Spark (Python version) Zero Basic Study Notes (3) - Summary and Examples of Spark Actions

The Actions operator is a type of Spark operator, which triggers the SparkContext to submit a job. The following introduces the commonly used actions supported by Spark.

1. reduce( func )
uses the function func (two input parameters, return one value) to aggregate the elements in the dataset. The function func must be commutative (what I understand is that the exchange of two parameters has no effect on the result), and it must be associated, so that parallel computing can be performed correctly.

>>> data = sc.parallelize(range(1,101))
>>> data.reduce(lambda x, y: x+y)
5050

2. collect()
returns all the elements in the data set in the form of an array in the driver program. This is often useful when an action returns a smaller subset of data after performing a filter or other operation.

>>> data = sc.parallelize(range(1,101))
>>> data.filter(lambda x: x%10==0).collect()
[10, 20, 30, 40, 50, 60, 70, 80, 90, 100]

3. count()
returns the number of elements in the dataset.

>>> data.count()
100

4. first()
returns the first element in the dataset, equivalent to take(1).

>>> data.first()
1

5. take()
returns the first n elements of the dataset in the form of an array. It should be noted that this action is not executed on multiple nodes in parallel, but executed on a single machine on the machine where the driver program is located, which will increase the memory pressure and should be used with caution.

>>> data.take(10)
[1, 2, 3, 4, 5, 6, 7, 8, 9, 10]

6. takeSample( withReplacement , num , [ seed ]) returns a random sample of num
samples from the dataset in the form of an array , with or without replacement. The optional parameter [ seed ] allows the user to predefine the seed of the random number generator.

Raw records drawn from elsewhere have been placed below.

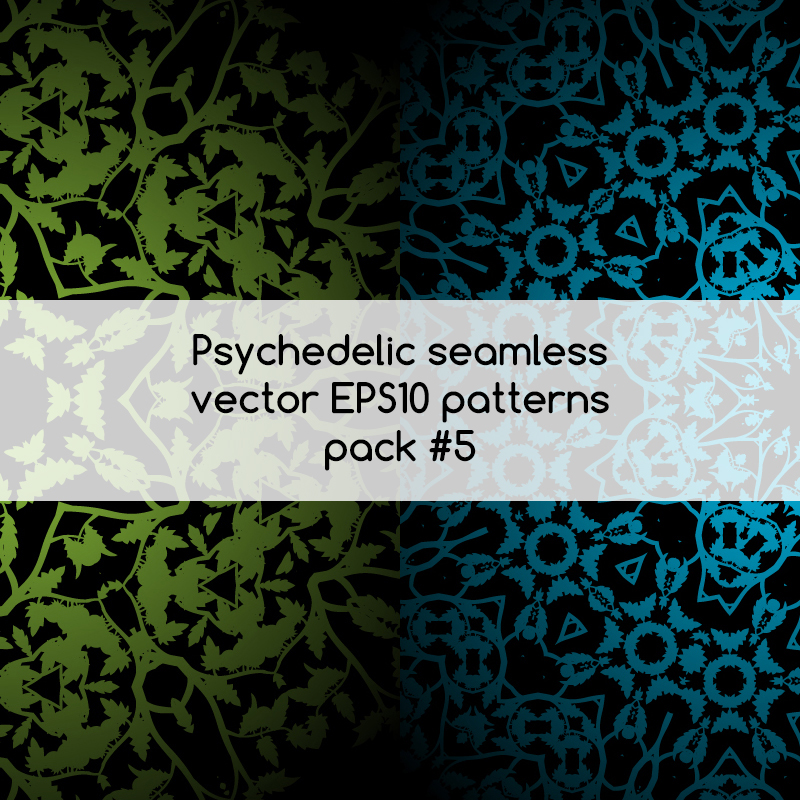 Psychedelic seamless vector EPS 10 patterns pack #5 part 3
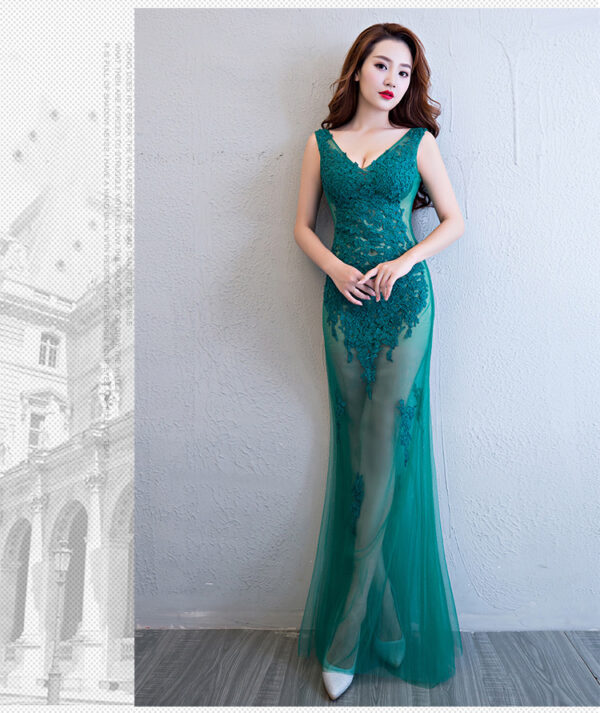 Lace Transparent Mermaid Evening Dress - Image 7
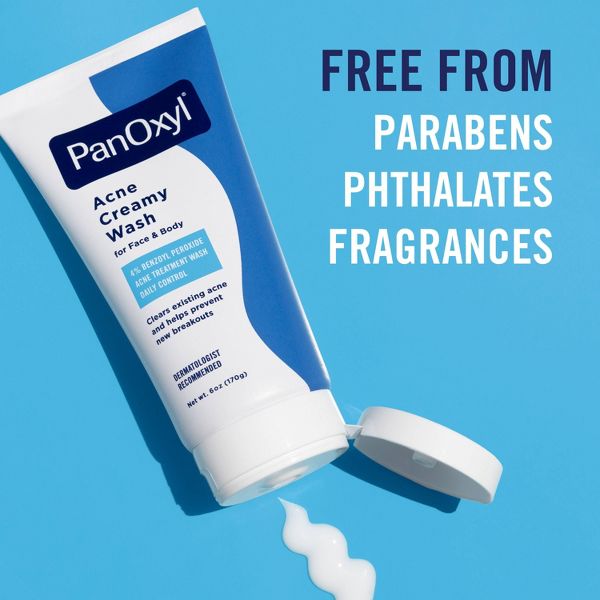 PanOxyl 4% Benzoyl Peroxide Acne Creamy Wash for Face & Body - Unscented - 6oz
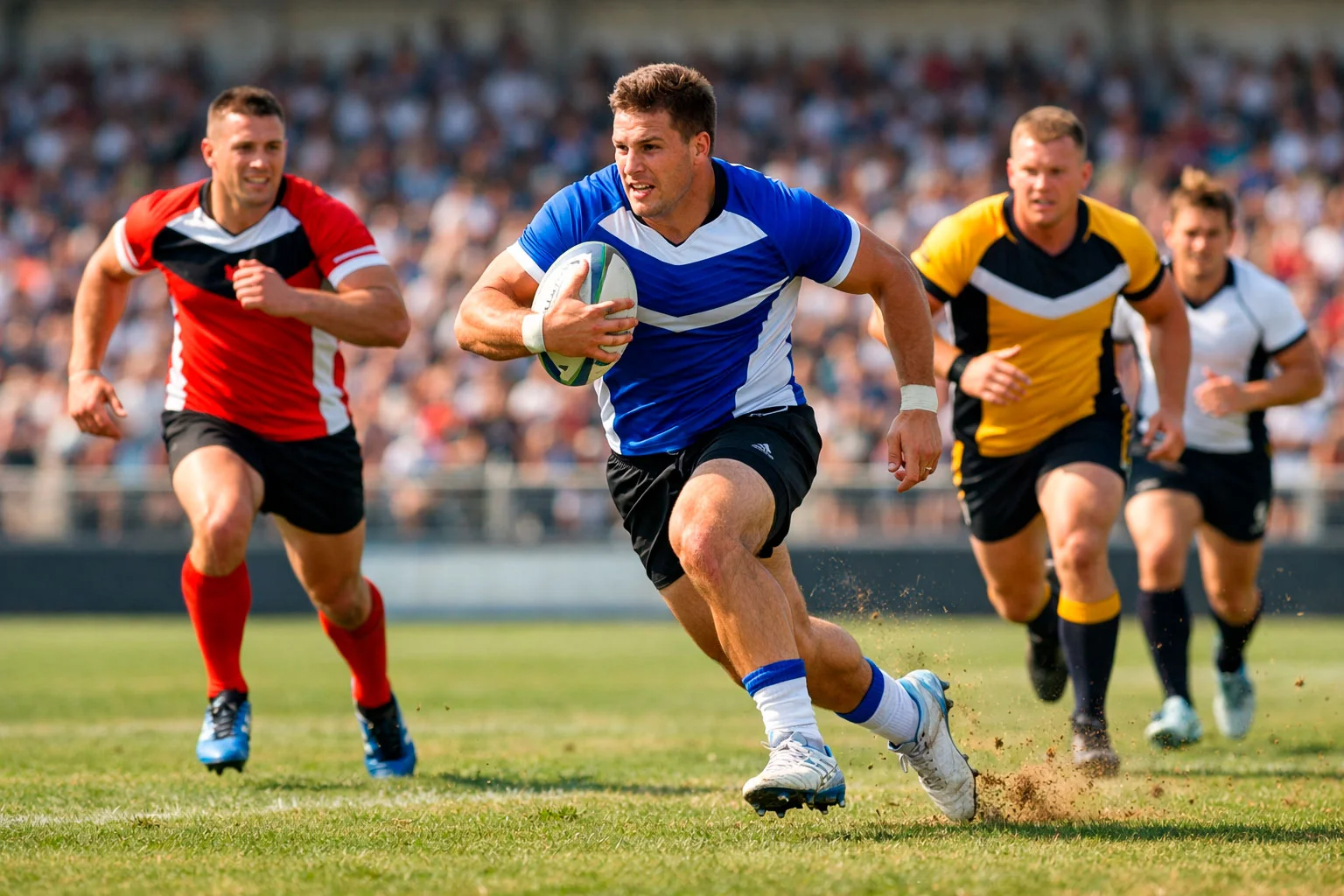 Rugby League players in action during NRL match on grass field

>>> data.takeSample(False, 20)
[60, 97, 91, 62, 48, 7, 49, 89, 40, 44, 15, 2, 33, 8, 30, 82, 87, 96, 32, 31]   
>>> data.takeSample(True, 20)
[96, 71, 20, 71, 80, 42, 70, 93, 77, 26, 14, 82, 50, 30, 30, 56, 93, 46, 70, 70]

7. takeOrdered( n , [ ordering ])
returns the first n elements of the RDD, either using natural ordering or a comparator where the ordering is performed by the user.

>>> score = [('Amy',98),('Bob',87),('David',95),('Cindy',76),('Alice',84),('Alice',33)]
>>> scoreRDD = sc.parallelize(score)
>>> scoreRDD.takeOrdered(3)
[('Alice', 33), ('Alice', 84), ('Amy', 98)]  #可以根据两个Alice的例子看到,当元祖中第一个元素相同时,会继续比较第二个元素,仍然按升序排列
>>> scoreRDD.takeOrdered(3, key=lambda x: x[1])  #按照分数升序排序
[('Alice', 33), ('Cindy', 76), ('Alice', 84)]
>>> scoreRDD.takeOrdered(3, key=lambda x: -x[1])  #按照分数降序排序
[('Amy', 98), ('David', 95), ('Bob', 87)]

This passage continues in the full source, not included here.